I keep writing this like a review and going back to delete stuff! All that is on my actual review – I keep forgetting I’m just meant to be talking conversationally about this (pretty liberating actually!)
I’m a very sentimental person and part of why this book will always hold find memories is because I read it when I’d only just started blogging and didn’t have many followers. I was even wondering whether anybody even read my reviews. I’m a long way off some bloggers but I feel so happy with how many people engage with me now, how many people have told me a review I wrote made them buy a book. My blog is nearly at 5,000 views which I find insane. This wasn’t the case back when I reviewed this book. I wanted to do an interview with an author for my blog and Justin reached out. He gave such amazingly thoughtful, considered answers and really gave me the time that you’d expect an author to reserve for a newspaper or well known blogger. He didn’t know if anybody would even read it. If you follow Justin on twitter @authorjla you’ll know he’s an all round nice person who cares about the things that matter who you can always be sure to have a laugh with too. There’s been great books written by shitty people, but it’s always nice to know that book you love was also written by someone likeable.

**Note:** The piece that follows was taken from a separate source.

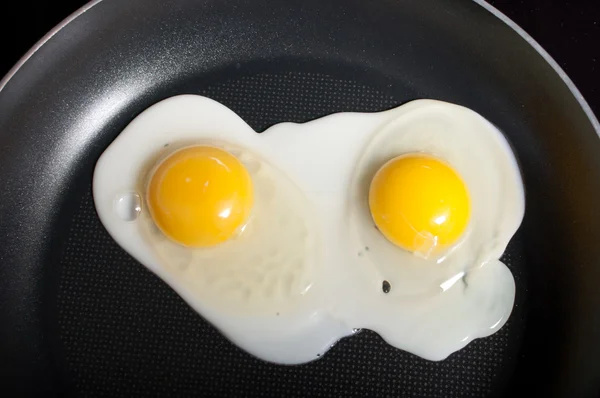 Jaja gotujące na patelni Obraz Stockowy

I have promoted the book a fair bit on my twitter account but I believe in shouting books I enjoyed, especially self published. This post may put me in fanboy territory – afterall I did get particularly passionate about a 1 star “review” the book got and managed to get a few people to buy it off the back of my rant. But come on, it was absolutely pathetic:
You know a book has been labelled ‘Dark Fantasy’ before you read it. And the story is based on medieval Edinburgh. Of course there’s going to be some fucking swearing! But to admit you gave a book a 1 star review when you had only read 1 sentence, well. If I ever write a book I have my villain right here. Who I shall serve a grisly on-page death *evil laugh*.
Anyway, there’s no point analysing the story and other stuff like that when I already have a review. Hopefully this might have piqued your interest – it was fun to do for me at least!
Thanks for including me on The Write Hive Fantasy May!